Pure entertainment! As a Top Gear fan, Sunday nights are always something to look forward to.
But yesterday evening's show was a real treat...if you're into farming that is.
Watching Clarkson, Hammond and May make a total hash of switching on, let alone manoeuvring, their three tractors in the Top Gear car park, and later ploughing - if you can call it that - a 25-acre field on NFU president Peter Kendall's farm, brought home just how easy the UK's skilled tractor drivers make it look.

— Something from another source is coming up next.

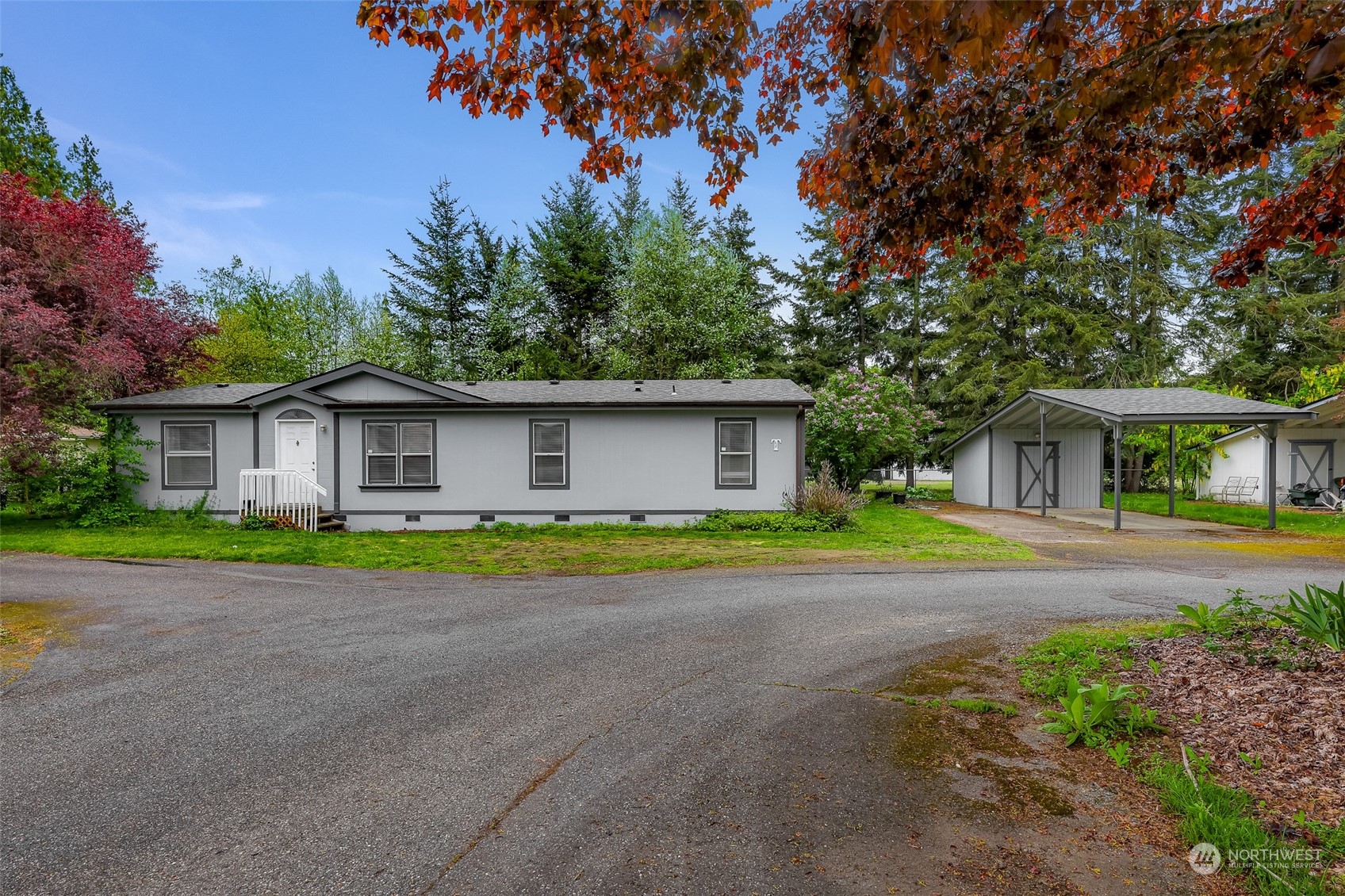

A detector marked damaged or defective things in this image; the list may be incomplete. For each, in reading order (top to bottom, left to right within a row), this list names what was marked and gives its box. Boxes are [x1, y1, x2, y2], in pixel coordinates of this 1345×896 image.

Having learned to plough some years ago myself, I'd like to think I'd have made a better job than the BBC trio, but I reckon I'd be a bit out of practice, though I doubt if I'd have resorted to dynamite as the guys eventually did.
"How fast do you plough? - Our ignorance about farming was a little embarrassing," Clarkson noted.
"How hard can it be to make petrol from Crops?" he asked.
Well judging by their attempt, a lot harder than they thought.
With Hammond rigged up to a plough which Clarkson described as "Battlestar Galactica", the three presenters went on what an old golfer at my club describes as, "manoeuvres".
Hammond quickly broke a shear bolt on his "Star Ship Enterplough", Clarkson took out a telegraph pole, and May, taking on drilling duties, dumped the entire bag of rapeseed upon setting off on his first bout. "You've done the whole bloody lot - twenty-five acres into 25 inches," Clarkson opined.
Meanwhile Hammond took a detour to buy lunch, upsetting the burghers of Ashwell as he blocked the main street with his Quadtrac before "filling up" at the local garage. £1,127 for diesel? That certainly dwarfs my mileage claims!
Back in the studio May, with a certain degree of predictability, joked: "I had to go back and do it through the night [re-drill the crop] until my seed was planted evenly into every furrow I could find."
Well it was all in the name of entertainment, and although the "set-ups" were somewhat obvious, particularly if you know anything about agriculture, it's good to see farming make it to prime-time viewing.
One small problem: Doesn't oilseed rape get converted into biodiesel? Mmmm could be a problem if they're expecting petrol from the field next summer. Sorry to spoil the party chaps...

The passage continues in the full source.